SGP van getuigenispartij naar steunpilaar voor de rechtse kerk
De SGP heeft een metamorfose ondergaan, constateert Ewout Klei. Van een in zichzelf gekeerde getuigenispartij heeft ze zich ontwikkeld tot een naar buiten toe tredende christelijk conservatieve partij die niet vies is van macht.
In de meidagen van 2011 verwierven de staatkundig gereformeerde mannenbroeders een politieke sleutelpositie. VVD, CDA en officiële gedoogpartner PVV verloren hun meerderheid in de Senaat en werden afhankelijk van de officieuze gedoogsteun van de SGP. Veel reacties hierop in de media waren even voorspelbaar als fel. De strengchristelijke partij zou fundamentalistisch zijn, en in wezen niet verschillen van de taliban in Afghanistan. Veel politici daarentegen reageerden realistischer. Zij realiseerden zich heel goed dat de kleine SGP in haar eentje niet vier decennia van secularisatie kon terugdraaien.

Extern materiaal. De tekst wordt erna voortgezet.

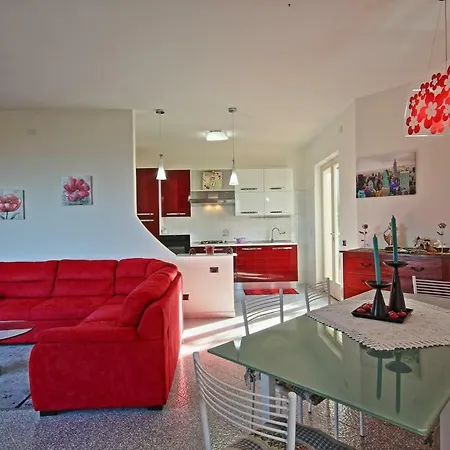 Maro Villa *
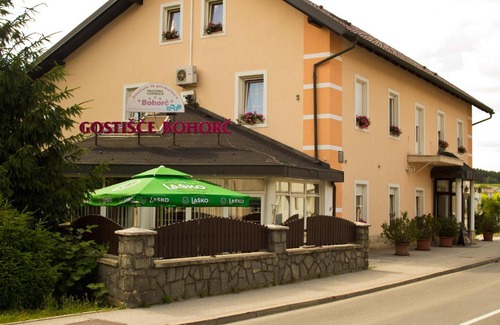 Sentjur House | Guest house Bohorč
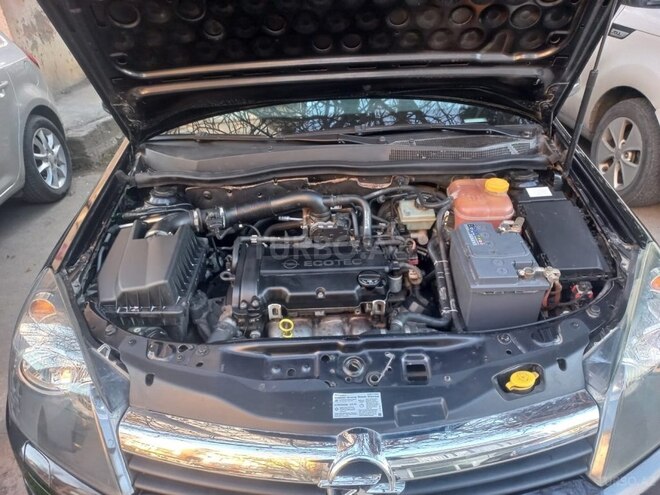 Opel Astra 2006, 240,000 km - 1.4 l - Bakı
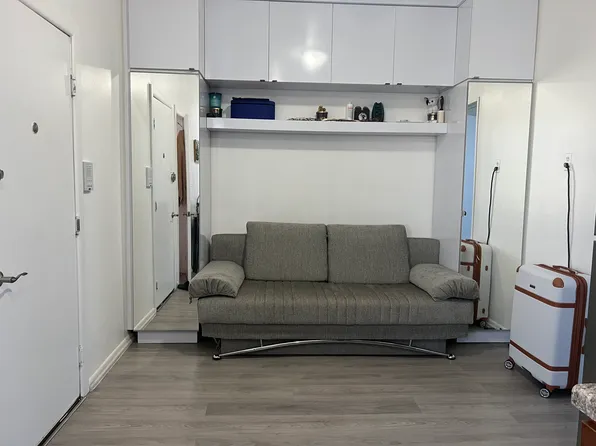 382 Avenue P image 2 of 19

In plaats van verontwaardigd in de slachtofferrol te kruipen, probeerde de SGP de aanvallen met humor te pareren. Voorlichter Menno de Bruyne twitterde bijvoorbeeld: „Om te voorkomen dat het beeld van de SGP te ver af komt te staan van de werkelijkheid, overwegen de SGP-Kamerleden hun baard te laten staan.” Ook de SGP-jongeren probeerden ludiek te zijn. Zij schonken oranjebitter bij de ingang van een partijcongres van D66. De boodschap was duidelijk: SGP’ers zijn echt geen fundamentalisten en horen helemaal bij Nederland.
De VVD, die afhankelijk was geworden van steun van de SGP, sprong voor de kleine partij in de bres. Partijcoryfee Wiegel noteerde in zijn column in De Pers dat de SGP altijd een constructieve houding innam, VVD-premier Rutte zei eerder al dat de SGP een heel gezellige club mensen is. De VVD blijft investeren in een goede band met de SGP. Op 10 maart trad Rutte op als hoofdspreker tijdens de SGP-jongerendag in Utrecht en oogstte een daverend applaus met zijn speech, waarin hij beweerde dat VVD en SGP dichter bij elkaar staan dan VVD en SP.
Seculiere verworvenheden zoals abortus, euthanasie en het homohuwelijk staan met de officieuze gedoogsteun van de SGP niet opeens op de tocht. De ChristenUnie heeft in de periode 2007-2010 als coalitiepartner op het orthodox-christelijke vlak niets bereikt. Het zal de SGP niet anders vergaan. Wat wel verandert door de SGP-gedoogsteun, is die partij zélf. Ze ondergaat een ware metamorfose.
Preekstoel
De SGP werd in 1918 opgericht om de ”bevindelijk gereformeerden” van een stem te voorzien. Vanwege het in 1918 ingevoerde kiesstelsel van evenredige vertegenwoordiging kon een kleine partij als de SGP ook in het parlement worden verkozen. Ds. G. H. Kersten, die van 1922 tot 1948 de SGP in de Tweede Kamer zou voorzitten, waarschuwde in felle bewoordingen tegen het roomse gevaar. Hij speelde de rol van het orthodoxe geweten van de Antirevolutionaire Partij, een van de voorlopers van het CDA.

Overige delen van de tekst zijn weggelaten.